[Brief descriptive captions]
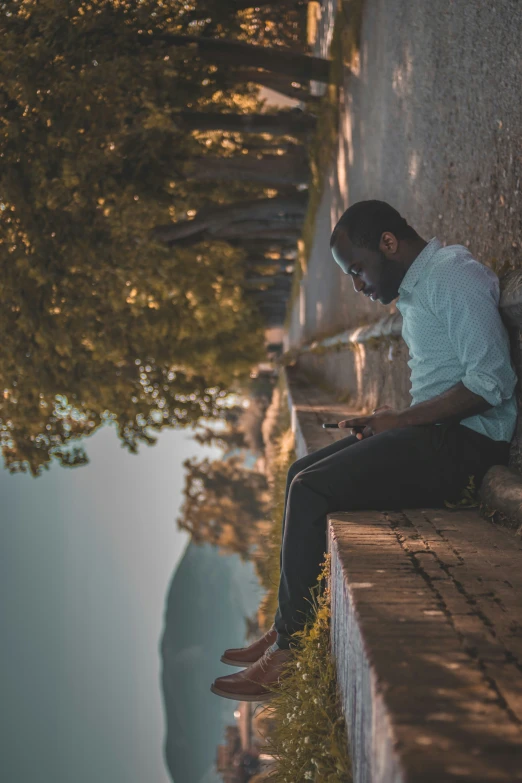 a man sitting on top of a wall near water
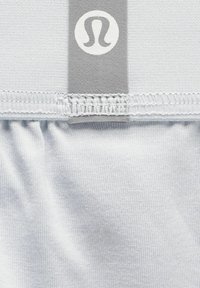 Gaiši pelēks sporta audums ar ribotu struktūru, kurā ir izteikts balts logo un pelēka lenta augšpusē. Redzama elastīga jostasvieta.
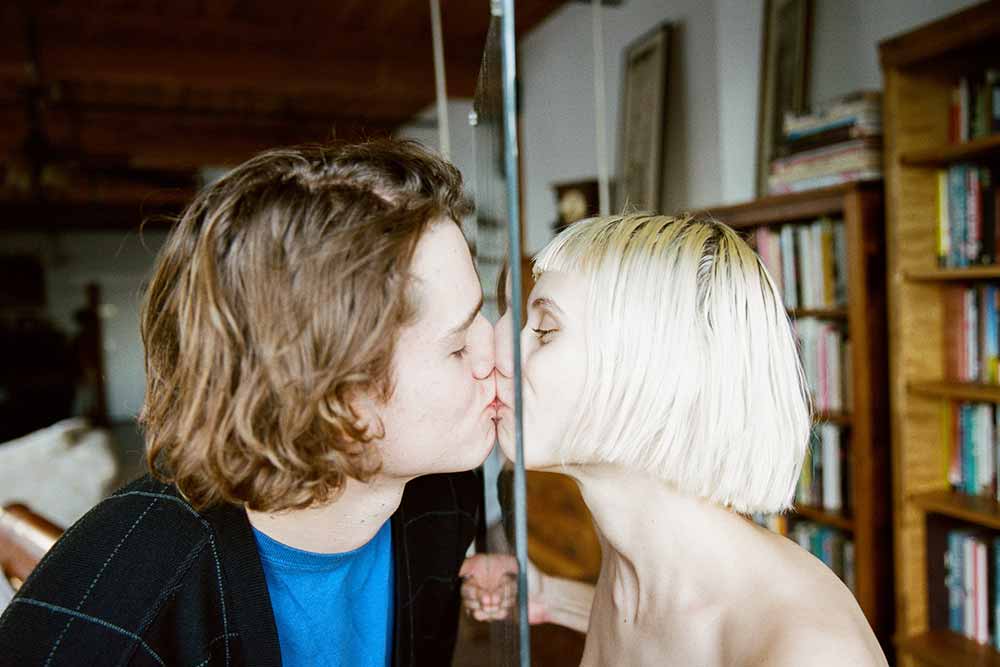 couple kissing with glass panel in the way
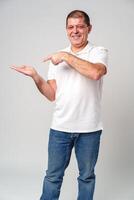 Man dressed in a white polo shirt and jeans happily pointing to the side against a plain background photo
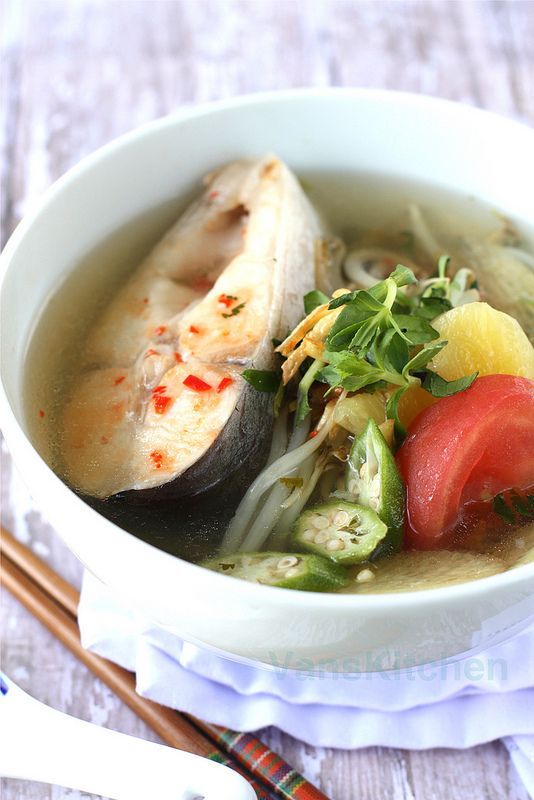 a white bowl filled with soup next to chopsticks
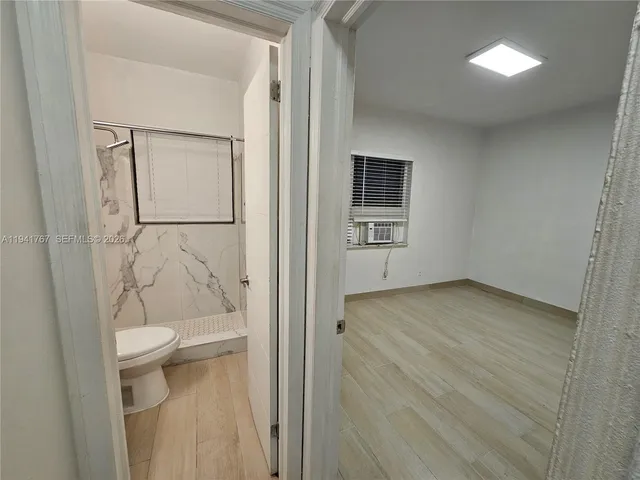 a view of bathroom with a toilet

- _Task brief_
Pictures do not belong in the copy. Reproduce the rest of the data exactly.

- _Output for this exercise_
 a man sitting on top of a wall near water
 Gaiši pelēks sporta audums ar ribotu struktūru, kurā ir izteikts balts logo un pelēka lenta augšpusē. Redzama elastīga jostasvieta.
 couple kissing with glass panel in the way
 Man dressed in a white polo shirt and jeans happily pointing to the side against a plain background photo
 a white bowl filled with soup next to chopsticks
 a view of bathroom with a toilet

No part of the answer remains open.